→ Your instructions:
Omit the pictures. Transcribe exactly the lines below, from the one with "S-TYPE, AVX-AM03318 Chinga" up to and including the last.
#### Dataset extract ####
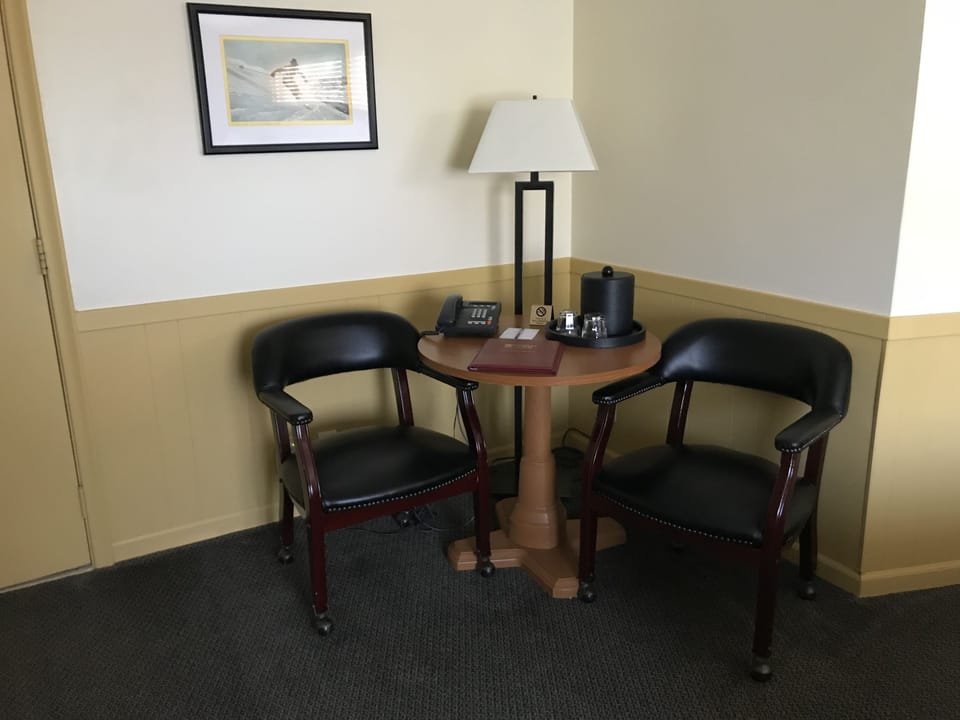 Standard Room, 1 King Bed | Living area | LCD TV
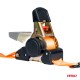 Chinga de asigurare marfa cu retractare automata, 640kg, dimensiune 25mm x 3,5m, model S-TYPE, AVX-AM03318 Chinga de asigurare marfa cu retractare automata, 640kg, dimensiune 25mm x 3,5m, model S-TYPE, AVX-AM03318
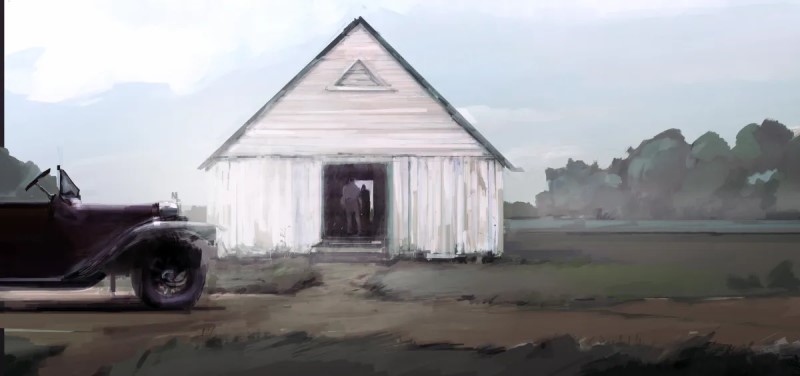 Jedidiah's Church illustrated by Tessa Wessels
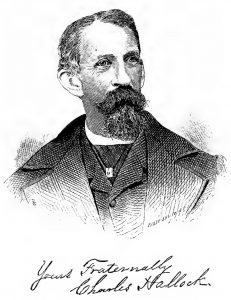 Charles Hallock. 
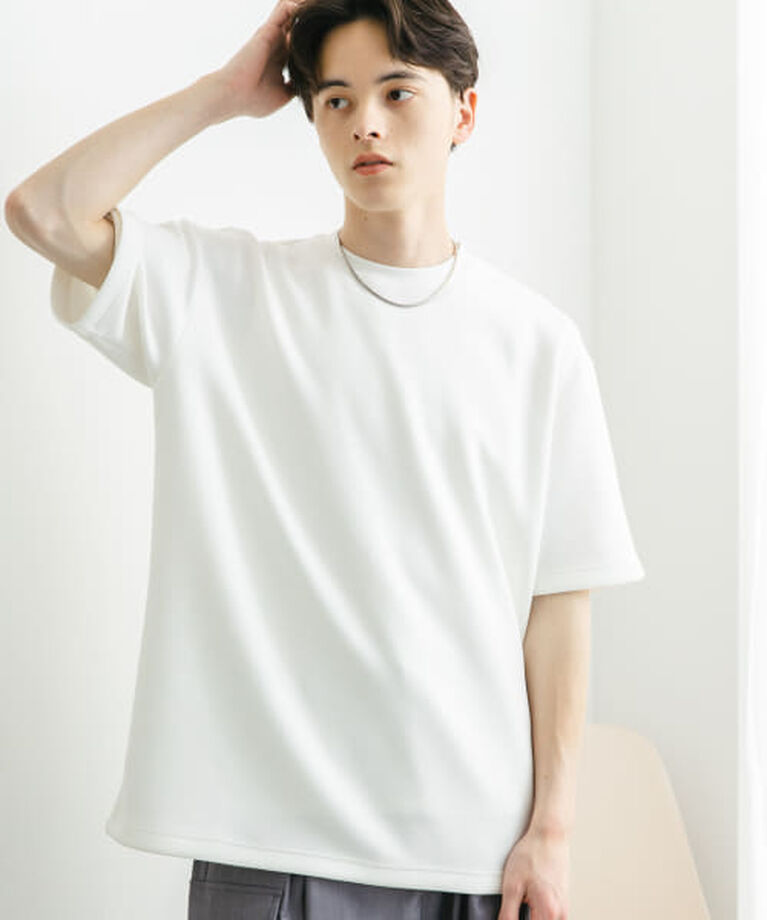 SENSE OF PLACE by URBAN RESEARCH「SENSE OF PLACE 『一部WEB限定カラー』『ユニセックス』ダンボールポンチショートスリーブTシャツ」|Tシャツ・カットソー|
####
→ Result of this exercise:
 Chinga de asigurare marfa cu retractare automata, 640kg, dimensiune 25mm x 3,5m, model S-TYPE, AVX-AM03318 Chinga de asigurare marfa cu retractare automata, 640kg, dimensiune 25mm x 3,5m, model S-TYPE, AVX-AM03318
 Jedidiah's Church illustrated by Tessa Wessels
 Charles Hallock. 
 SENSE OF PLACE by URBAN RESEARCH「SENSE OF PLACE 『一部WEB限定カラー』『ユニセックス』ダンボールポンチショートスリーブTシャツ」|Tシャツ・カットソー|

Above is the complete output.